As part of my buddy Tancil’s birthday evening a while back, I ended up in Cobble Hill at Mission Chinese Food. Mission Chinese used to live in the East Village, makes pretty much the best Chinese food I’ve ever had if you consider Chinese a cuisine that uses Chinese food as a launch pad into Chinese’ish awesomeness, and recently took up residence in Brooklyn after some kind of kerfuffle with rent in Manhattan. These factors apparently combined to make The Times take notice and dedicate the “Eat” section of the Sunday Magazine to the place, something I don’t think I’ve ever seen before in my twelve or so years of subscribing to the Sunday Times.
So I went ahead and riffed on their recipe for Cabbage Salad with Sesame-Anchovy Dressing, which was okay except for the fact that I ended up ignoring the recipe’s measurements because I don’t know why and also substituting green-olive hummus or something like that for tahini because that’s what I had on-hand.
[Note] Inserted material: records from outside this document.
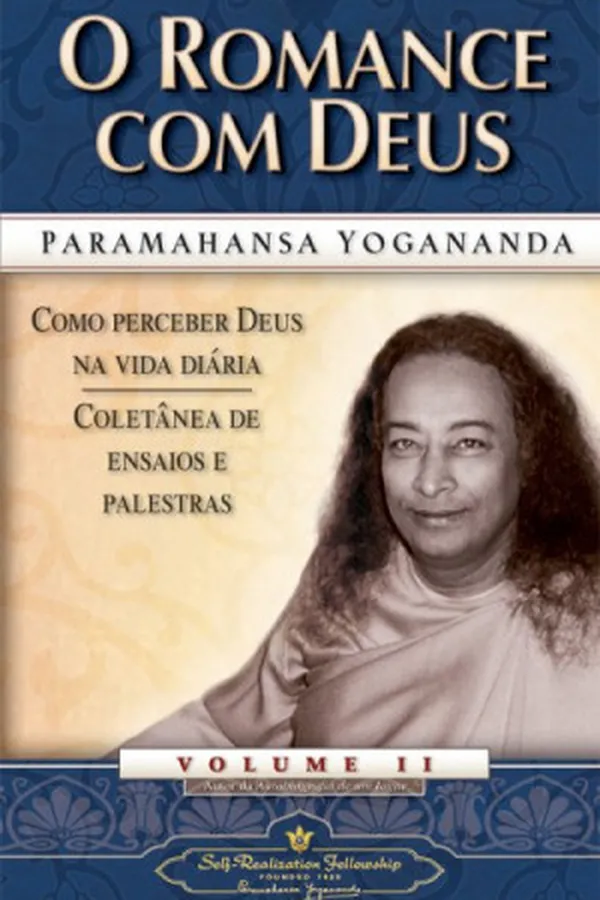 Capa de O Romance com Deus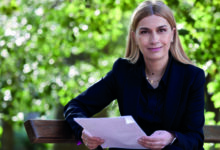 Σέβη-Βολουδάκη:-Η-ανάρτησή-της-για-τη-Γιορτή-της-Μητέρας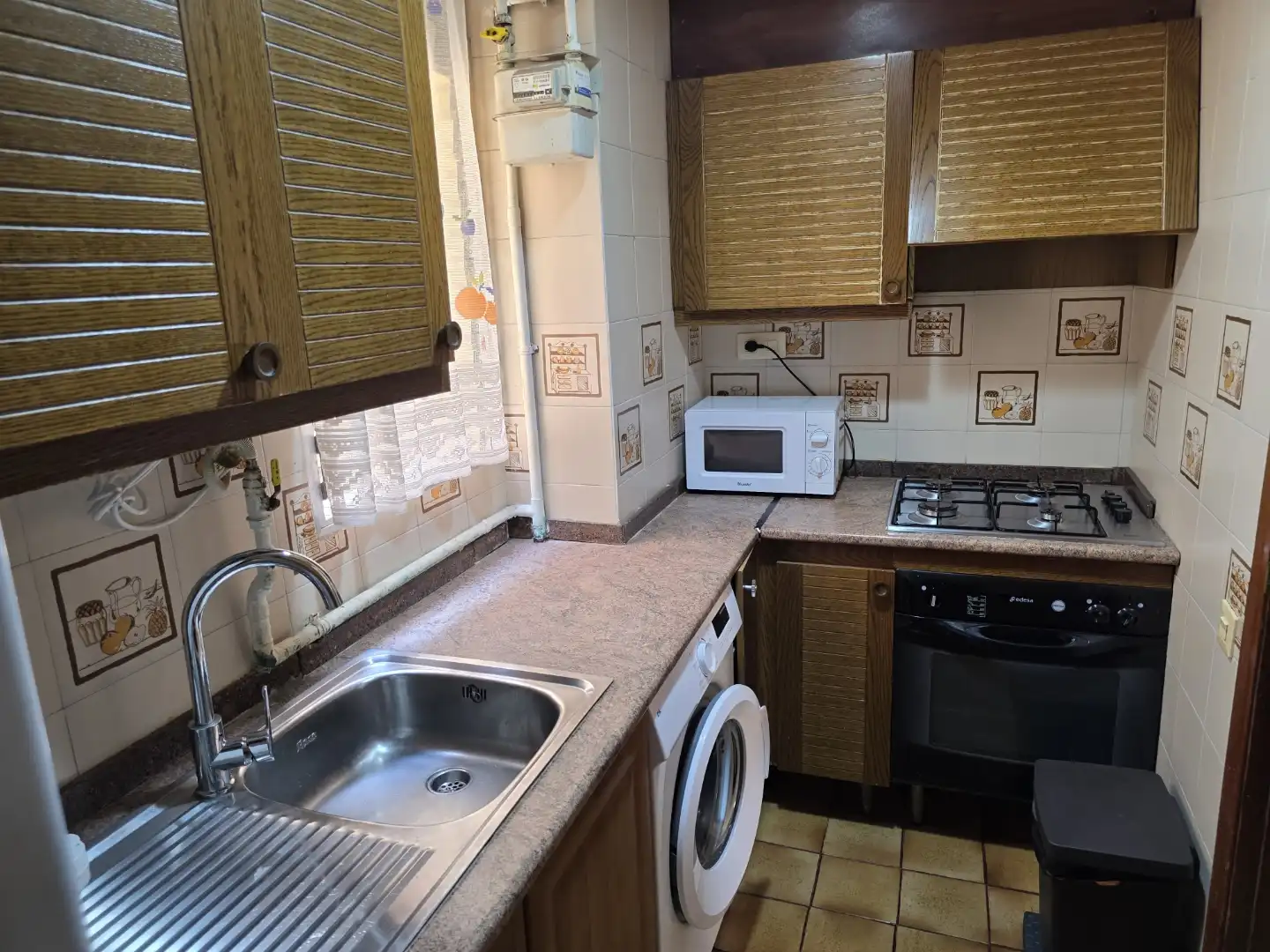 Apartamento en  Plaça de l'Horticultor Corset 6 - Foto 18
The results were pretty but mixed.
The next night, the fridge still full of unused cabbage and other CSA veggies looking for a fate, I combined the remaining “traditional” and red cabbages, spring onion greens, peeler-shredded carrot, and red onion into a slaw and winged a new dressing with what was on hand. It ended up being super tasty. Make it yourself and give it a try. I didn’t take note of proportions because, yeah, I guess that’s not really my thing, but I trust wholeheartedly in your ability to eyeball this, taste it along the way, and get something good that you can pour on pretty much any hard, raw veggies. I need kids so I can try this stuff out on their palettes.
Recipe for What Was On Hand Slaw Dressing:
- Canola oil
- A dash of sesame oil
- chili powder
- rice wine vinegar
- soy sauce
- juice of 1/2 lime,
- crushed mustard seed
- powdered mustard (discovered post-seed)
- powdered ginger
- a ton of crushed garlic
- salt
- sesame seeds toasted in a dry, hot skillet
Shake all these guys together in a jar, pour on shredded veggies, chow.